Two trade groups for New York insurance agents are suing the state’s insurance regulator over new rules that will force them to reveal to clients how much they are paid for a particular transaction.
The Independent Insurance Agents and Brokers of New York (IIABNY) and the Council of Insurance Brokers of Greater New York (CIBGNY) had pledged earlier this year to file the lawsuit.
The regulations require agents to disclose, among other things, their commission and whether they represent the buyer or the insurer in a particular transaction. The rules are set to go into effect on Jan. 1.
Insurance agents argue that the rules are burdensome and will confuse clients unnecessarily. The state and other advocates counter that the rules will increase transparency in the insurance-buying process, which they contend will be better for consumers.

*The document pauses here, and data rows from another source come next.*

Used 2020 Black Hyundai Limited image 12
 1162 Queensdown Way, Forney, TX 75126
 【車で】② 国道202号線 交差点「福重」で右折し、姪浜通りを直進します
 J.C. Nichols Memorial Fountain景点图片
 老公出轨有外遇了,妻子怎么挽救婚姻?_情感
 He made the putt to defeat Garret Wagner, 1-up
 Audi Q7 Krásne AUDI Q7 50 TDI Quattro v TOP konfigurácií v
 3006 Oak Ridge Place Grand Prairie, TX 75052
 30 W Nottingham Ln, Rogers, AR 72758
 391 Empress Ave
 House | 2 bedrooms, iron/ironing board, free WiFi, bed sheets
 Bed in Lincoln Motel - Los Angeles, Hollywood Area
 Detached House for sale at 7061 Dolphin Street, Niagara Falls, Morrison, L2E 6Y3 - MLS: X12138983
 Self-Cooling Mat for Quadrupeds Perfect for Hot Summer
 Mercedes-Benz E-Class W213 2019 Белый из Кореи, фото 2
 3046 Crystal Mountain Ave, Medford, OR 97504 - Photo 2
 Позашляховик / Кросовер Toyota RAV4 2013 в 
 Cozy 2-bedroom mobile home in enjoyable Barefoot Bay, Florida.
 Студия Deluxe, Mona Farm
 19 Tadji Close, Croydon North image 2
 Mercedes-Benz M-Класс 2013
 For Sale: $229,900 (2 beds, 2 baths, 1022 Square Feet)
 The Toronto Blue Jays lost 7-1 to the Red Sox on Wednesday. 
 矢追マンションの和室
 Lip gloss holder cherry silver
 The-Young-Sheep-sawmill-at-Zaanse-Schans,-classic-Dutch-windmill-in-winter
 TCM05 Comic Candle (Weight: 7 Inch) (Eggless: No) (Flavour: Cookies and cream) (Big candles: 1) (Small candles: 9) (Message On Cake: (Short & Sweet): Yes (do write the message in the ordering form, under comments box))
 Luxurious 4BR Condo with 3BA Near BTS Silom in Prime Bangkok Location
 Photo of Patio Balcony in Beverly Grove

The group’s lawsuit, known as an article 78 proceeding, is a legal challenge asking a state judge to set aside some or all of a rule created by a state agency.
Specifically, the groups argue that the New York State Insurance Department lacks the legal authority to create the rules and that the regulations “impose massive and unwarranted costs of compliance on brokers” and are “an arbitrary exercise of regulatory power.”
Earlier this month, in a speech to members of his group, IIABNY Chairman David Gelia pledged that “if we fail at the judicial level, we will then do all we can at the legislative level to right this wrong, which has been perpetrated on the independent agent system.”
Matthew Gaul, deputy superintendent for the New York State Insurance Department said that the department has worked with IIABNY and CIBGNY for the last two years in putting together the rules, and said that it’s baffling why the two trade groups would fight the regulations.
“It’s a simple regulation,” he said. “The notion that the industry groups would fight this in court is mystifying and disappointing… What is it that they have to hide? Why they are so adamant about hiding information about commissions?”
Gaul said the lawsuit would complicate the department’s relationship with IIABNY and CIBGNY as they groups try to work with regulators on compliance issues. “We won’t be able to have the open dialogue that we would have on implementation with groups that are litigating the issue with us.”
The decision to file the lawsuit has created a schism among agency groups in the state. IIABNY and CIBGNY are jointly filing the suit, while the state’s other agents’ trade group, the Professional Insurance Agents of New York (PIANY), said it would not join the suit. Among its reasons, was the belief that it would make it impossible to work with the department on compliance with the law.
“Our commitment against mandatory disclosure is unwavering,” said Kevin Ryan, president of PIANY, which is lobbying the department on ways to make the regulations more palatable to agents. “In the event the regulation does take effect at some point, Main Street agents and brokers will have had the benefit of a strong, persuasive voice shaping how producers can fulfill the requirements with as little disruption to their business as possible.”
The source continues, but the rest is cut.